In Great American Insurance Company v. ACE American Insurance Company, the United States District Court for the Northern District of Texas recently considered coverage for a claim involving the discharge of rock fines (a waste material generated during the crushing process) into a river.[ii]  It was alleged that the insured’s dispersal of the rock fines caused physical damage to the stream and stream bed.  The insurer declined to defend, citing an absolute pollution exclusion.  The exclusion barred coverage for liability “arising out of or in any way related to … discharge, dispersal, seepage, migration, or release or escape of ‘pollutants,’ however caused.”  “Pollutant” was defined as “any solid … irritant or contaminant …” and included “materials which are intended to be or have been recycled reconditioned or reclaimed.” 

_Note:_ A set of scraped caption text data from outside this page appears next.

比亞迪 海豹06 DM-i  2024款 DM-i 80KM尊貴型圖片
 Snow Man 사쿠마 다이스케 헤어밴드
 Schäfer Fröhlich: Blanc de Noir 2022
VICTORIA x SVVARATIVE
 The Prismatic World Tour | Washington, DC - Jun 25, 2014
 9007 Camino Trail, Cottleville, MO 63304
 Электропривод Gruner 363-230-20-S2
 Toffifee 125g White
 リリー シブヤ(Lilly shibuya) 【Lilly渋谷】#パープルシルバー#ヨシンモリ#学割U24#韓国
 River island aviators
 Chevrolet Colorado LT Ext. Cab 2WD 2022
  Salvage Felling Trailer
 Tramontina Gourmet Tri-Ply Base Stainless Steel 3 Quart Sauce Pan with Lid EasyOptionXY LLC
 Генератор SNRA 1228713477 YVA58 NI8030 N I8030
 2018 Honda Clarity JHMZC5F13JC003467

The court determined that rock fines were pollutants.  It acknowledged that the rock fines were wanted or useful, but noted that this did not change their nature as pollutants.  They were still irritants or contaminants when discharged and dispersed where they did not belong.  The court stated:  “The word ‘pollution’ is not a term of art.  Rather, substances can constitute pollutants regardless of their ordinary usefulness.” 

Great American is consistent with other Texas cases in which courts have held that a variety of substances can be pollutants based on policy language.  Among others, these substances include asbestos,[iii] mothballs and mothball fumes,[iv] smoke and odor eliminator fogger,[v] and toluene fumes.[vi]  If innocuous substances with ordinary usefulness become “pollutants” when discharged where they do not belong, it stands to reason that injury caused by the proverbial “spilled milk” could be excluded. 

 


[i] CG 00 01 04 13, exclusion f. 

[ii] No. 4:18-CV-114-A, 2018 WL 3370620 (N.D. Tex., July 10, 2018).

[iii] See, e.g., Longhorn Gasket & Supply Co. v. U.S. Fire Ins. Co., 698 Fed. Appx. 774 (5th Cir. 2017) (determining, in relevant part, that asbestos was an “irritants, contaminants, and pollutants”)

[iv] United Fire & Cas. Co. v. Condeb, L.P., 2016 WL 1085230 (E.D. Tex. Feb. 22, 2016).

[v] Zainotz v. Trinity Univ. Ins. Co., 87 S.W.3d 565, 573 (Tex. App.—San Antonio 2002, pet. denied).

[vi] Hamm v. Allstate Ins. Co., 286 F. Supp.2d 790, 794 (N.D. Tex. 2003).